Well, I might argue that the slices are along the axes rather than them being 
the same thing.


> On Oct 9, 2014, at 10:05 PM, John Myles White <[email protected]> 
> wrote:
> 
> I’d suggest slices for consistency with the function mapslices.
> 
> — John
> 
>> On Oct 9, 2014, at 6:15 PM, Tim Holy <[email protected]> wrote:
>> 
>> Would be great to have it clarified in the manual.
>> 
>> I think I've brought this up before, and if there was a consensus I don't 
>> recall it. In my opinion, the various usages of "dims" and "region" in the 
>> manual and help are pretty confusing. It would be nice to standardize 
>> terminology.
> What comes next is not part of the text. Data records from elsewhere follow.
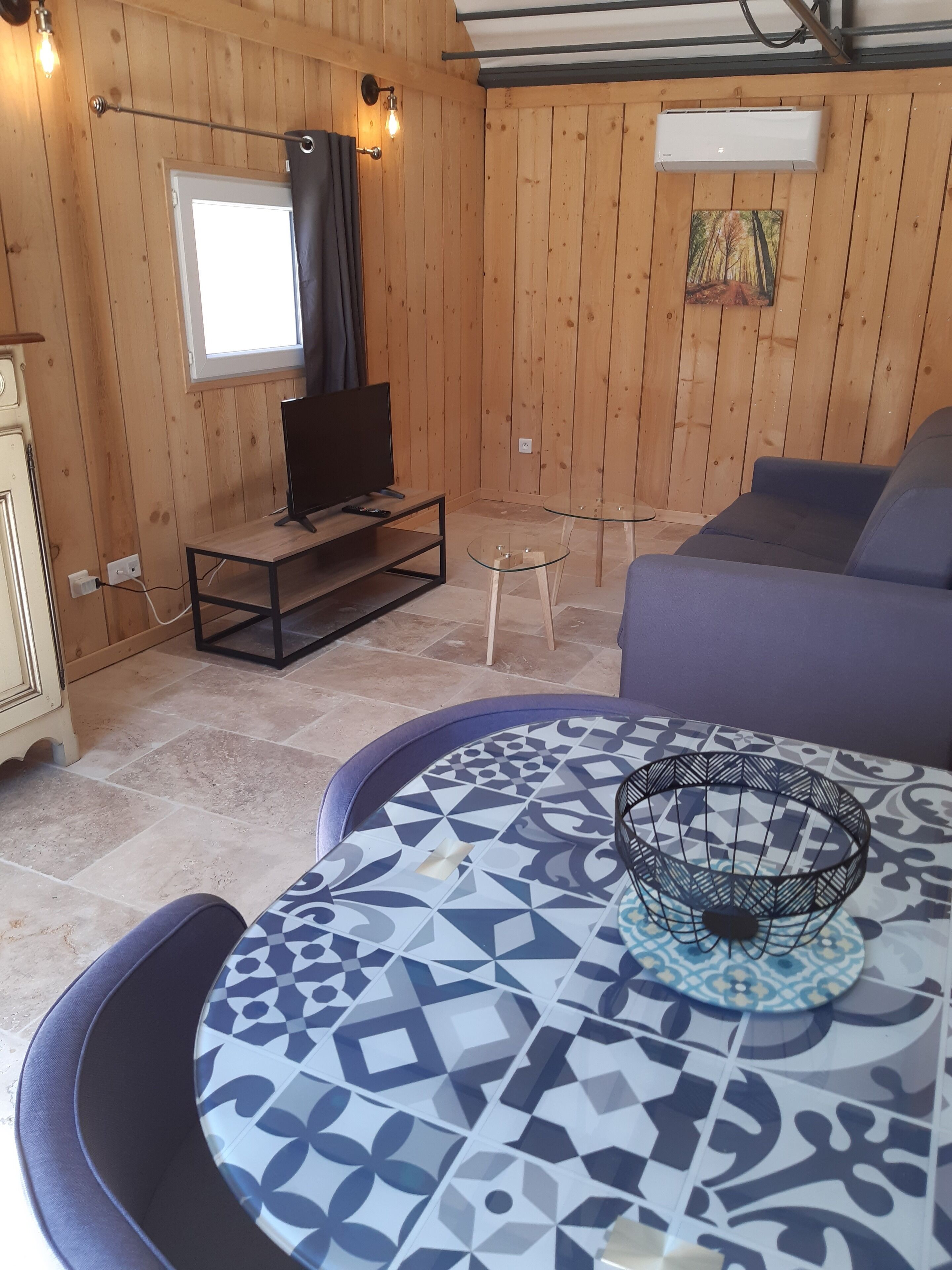 A wooden-paneled room with a TV, sofa, and patterned table.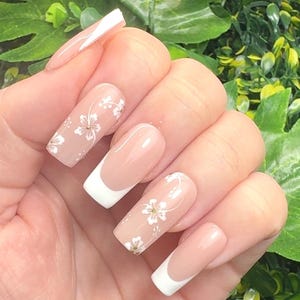 K&ouml;nnte beinhalten: Eine Hand, die lange, quadratisch geformte N&auml;gel zeigt. Einige N&auml;gel haben ein French-Manik&uuml;re-Design mit wei&szlig;en Spitzen, w&auml;hrend andere eine nackte Basis mit zarten wei&szlig;en Blumenmustern aufweisen. Die N&auml;gel sind gut gepflegt und poliert.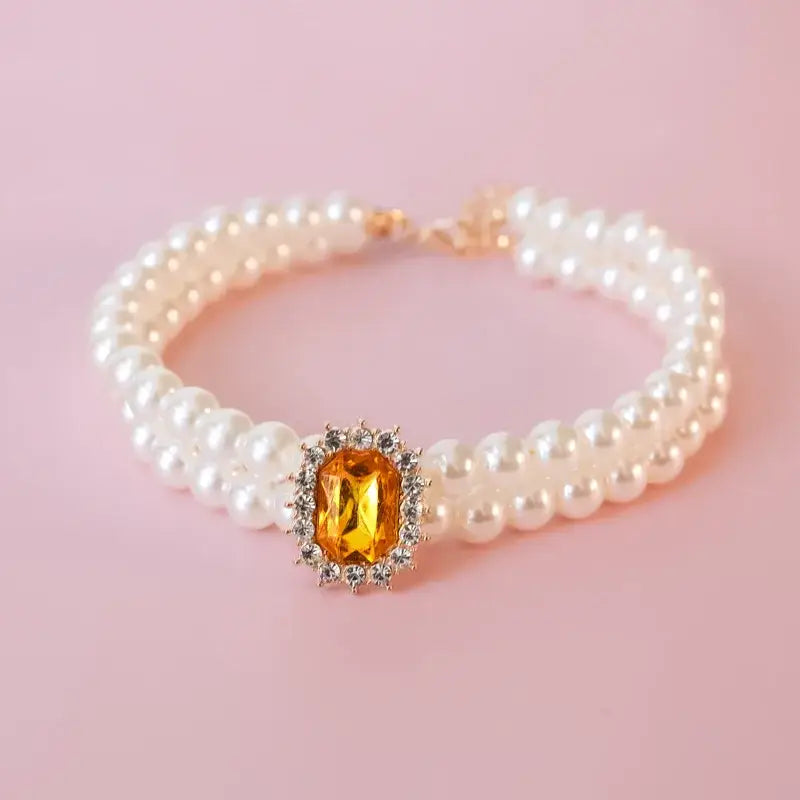 Pearl bracelet with a central amber gemstone surrounded by small diamonds.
I confess to being fond of talking about the "axes" of an 
>> array, 
>> but I am fine with other choices too.
>> 
>> --Tim
>> 
>>> On Friday, October 10, 2014 07:29:06 AM K Leo wrote:
>>> Thanks to both for explanations. "along dimensions in region" sounds
>>> pretty confusing to me.  Can that be stated more clearly?  Pardon my
>>> English.
>>> 
>>> I guess this is what I wanted.
>>> 
>>> julia> [std(A[i:i+9]) for i=1:length(A)-9]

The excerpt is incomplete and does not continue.